WARMING WARNING: Meanwhile, the US Climate Prediction Center announced that there is a 60% chance of the current La Niña conditions shifting towards a neutral state over the next few months, with an El Niño likely to follow in late spring, according to Reuters. The Vibes, a Malaysian news outlet, quoted a climate scientist saying: “If the El Niño does materialise, it could possibly push 2026 or 2027 as the warmest year on record, replacing 2024.”
CROP IMPACTS: Reuters noted that neutral conditions lead to “more stable weather and potentially better crop yields”. However, the newswire added, an El Niño state would mean “worsening drought conditions and issues for the next growing season” to Australia.
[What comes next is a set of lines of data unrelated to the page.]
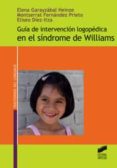 guia de intervencion logopedica en el sindrome de williams-9788497566872 guia de intervencion logopedica en el sindrome de williams-9788497566872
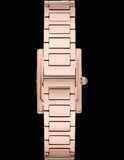 Buy Shop Emporio Armani Genni Green Dial Rose Gold Steel Strap Watch for Women - AR11641 USA Online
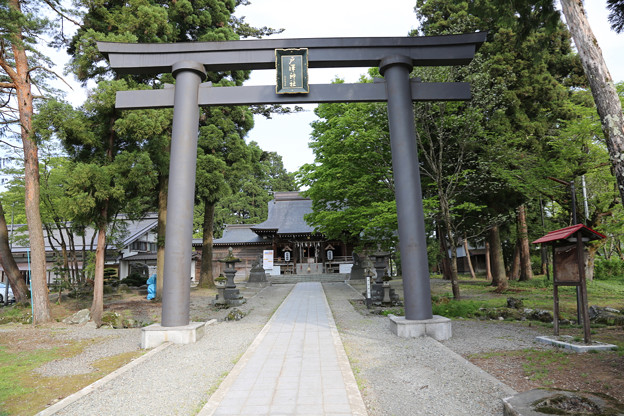 新庄城 戸澤神社 02 写真共有サイト フォト蔵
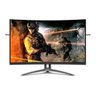 Monitor Gamer Aoc Agon 31.5" Curvo Va 165Hz 1Ms Fhd Freesync Vga/HDMI/Dp, Ag323Fcxe - 1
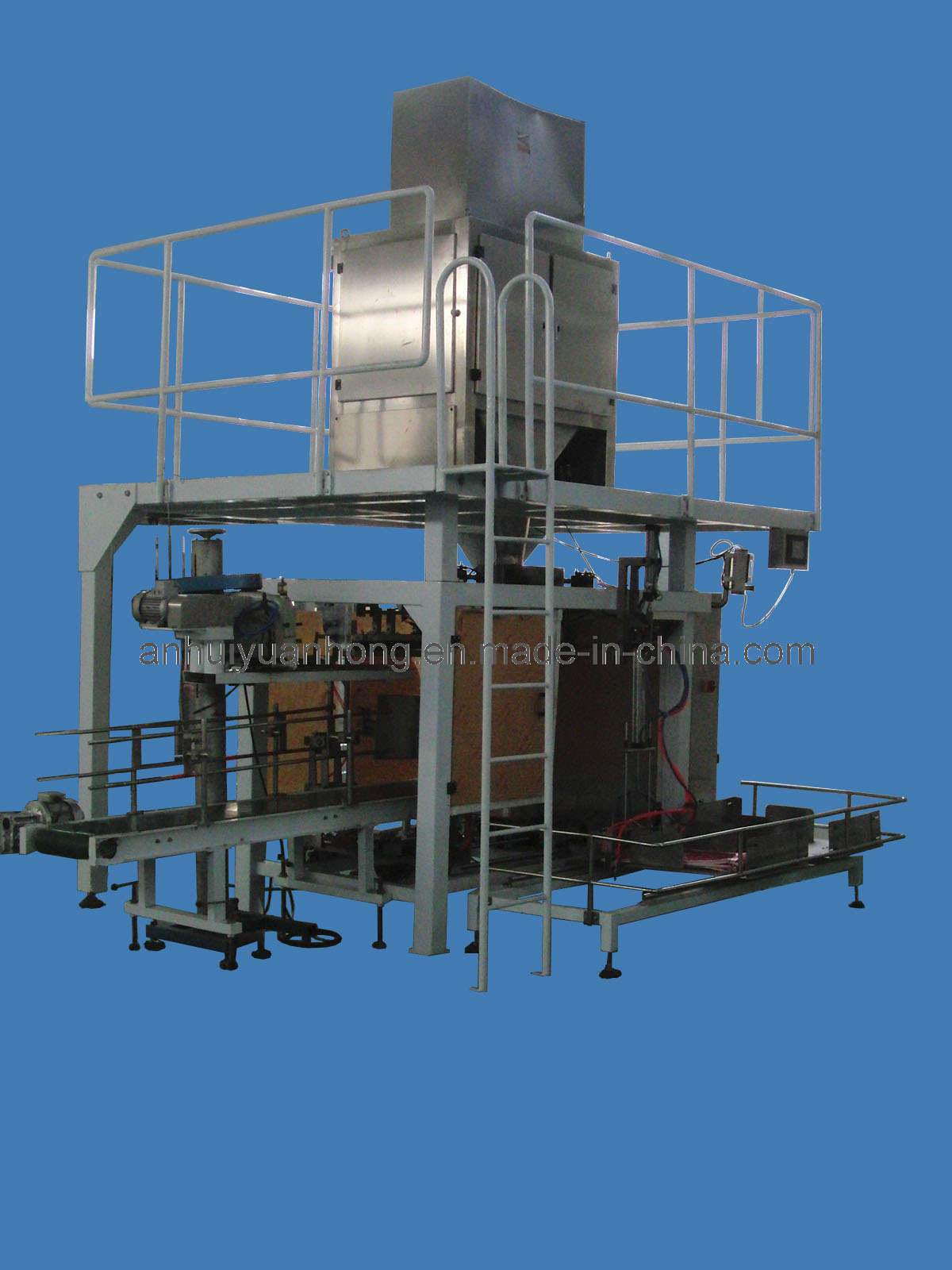 Automatic Granular Material Bagging Machine/ Autoamtic Packaging Machinery (GFCK25)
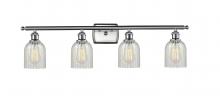  516-4W-SN-G2511 - Caledonia - 4 Light - 35 inch - Brushed Satin Nickel - Bath Vanity Light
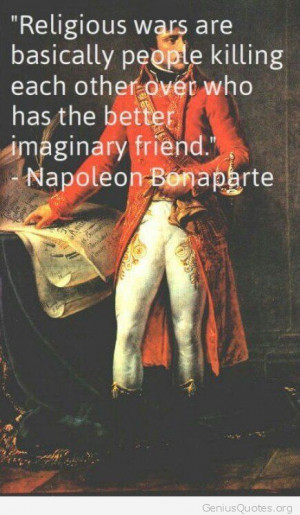 Napoleon Bonaparte quotes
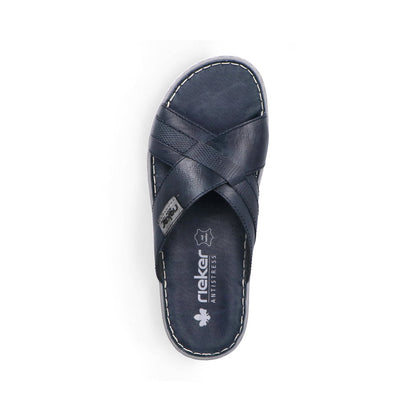 Rieker Christoph 21082-14 Blue Sandal
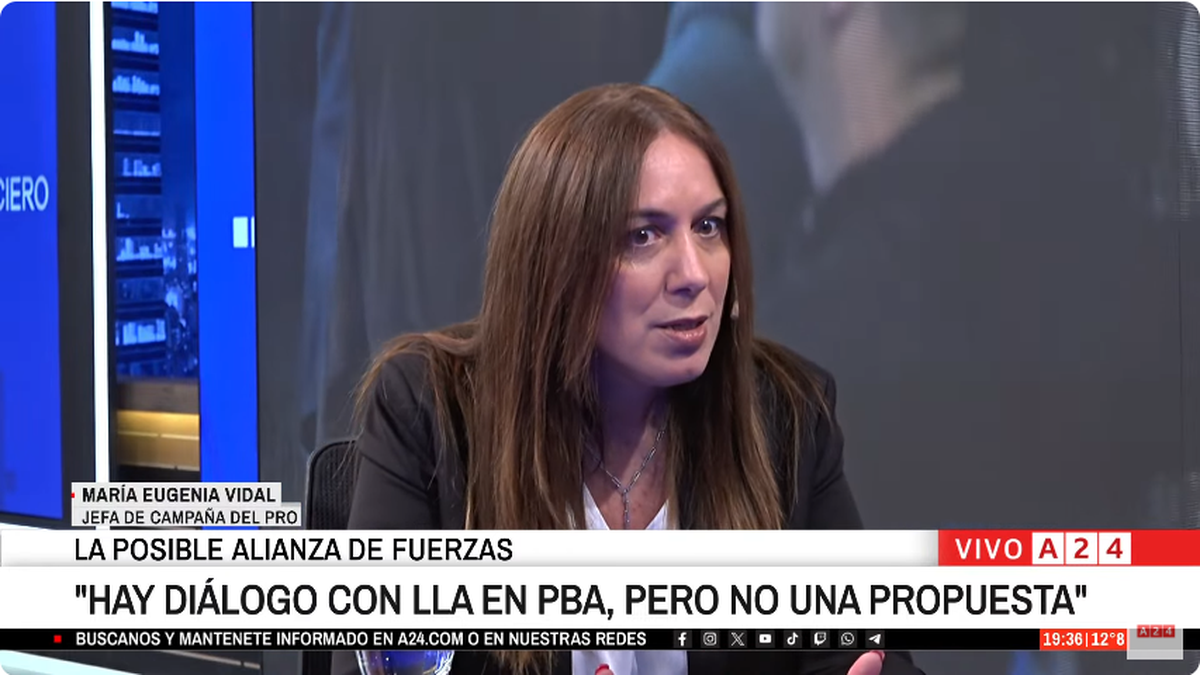 Vidal también cuestionó al Presidente por seguir confundiendo su adversario (Foto: YouTube).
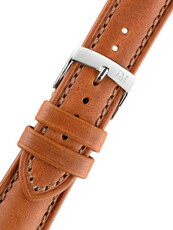 Bruine leren riem Morellato Derain 4434B09.041 M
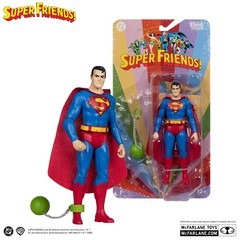 McFarlane DC Super Friends Wave 2 6″ SUPERMAN Flash CHEETAH -Factory SEALED Case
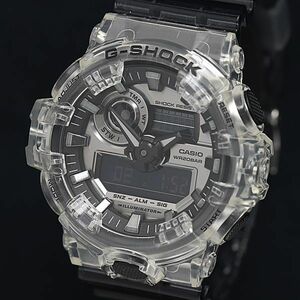 1円 稼動 美品 QZ 箱付 カシオ ジーショック GA-700SK デジアナ メンズ腕時計 NBY OKZ 2000000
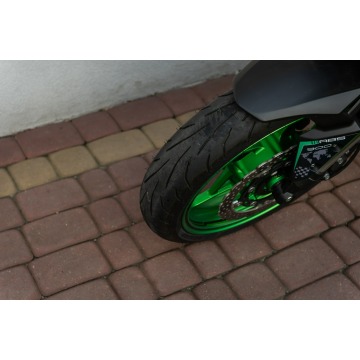 Kawasaki Z - 900 R 2022 KAT A2 KSIĄŻKA Jak Nowy... - Motocykle sportowe - Radom - zdjęcie 8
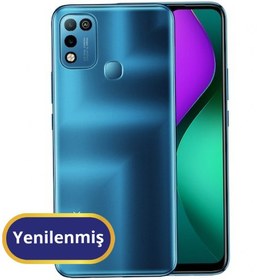 Resim Infinix Hot 10 Play Yenilenmiş TR Garanti | 64 GB 4 GB Mavi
El Niño also “typically brings a poor south-west monsoon to India, including droughts”, reported the Hindu’s Business Line. A 2024 guest post for Carbon Brief explained that El Niño is linked to crop failure in south-eastern Africa and south-east Asia.
News and views
- DAM-AG-ES: Several South Korean farmers filed a lawsuit against the country’s state-owned utility company, “seek[ing] financial compensation for climate-related agricultural damages”, reported United Press International. Meanwhile, a national climate change assessment for the Philippines found that the country “lost up to $219bn in agricultural damages from typhoons, floods and droughts” over 2000-10, according to Eco-Business.
- SCORCHED GRASS: South Africa’s Western Cape province is experiencing “one of the worst droughts in living memory”, which is “scorching grass and killing livestock”, said Reuters. The newswire wrote: “In 2015, a drought almost dried up the taps in the city; farmers say this one has been even more brutal than a decade ago.”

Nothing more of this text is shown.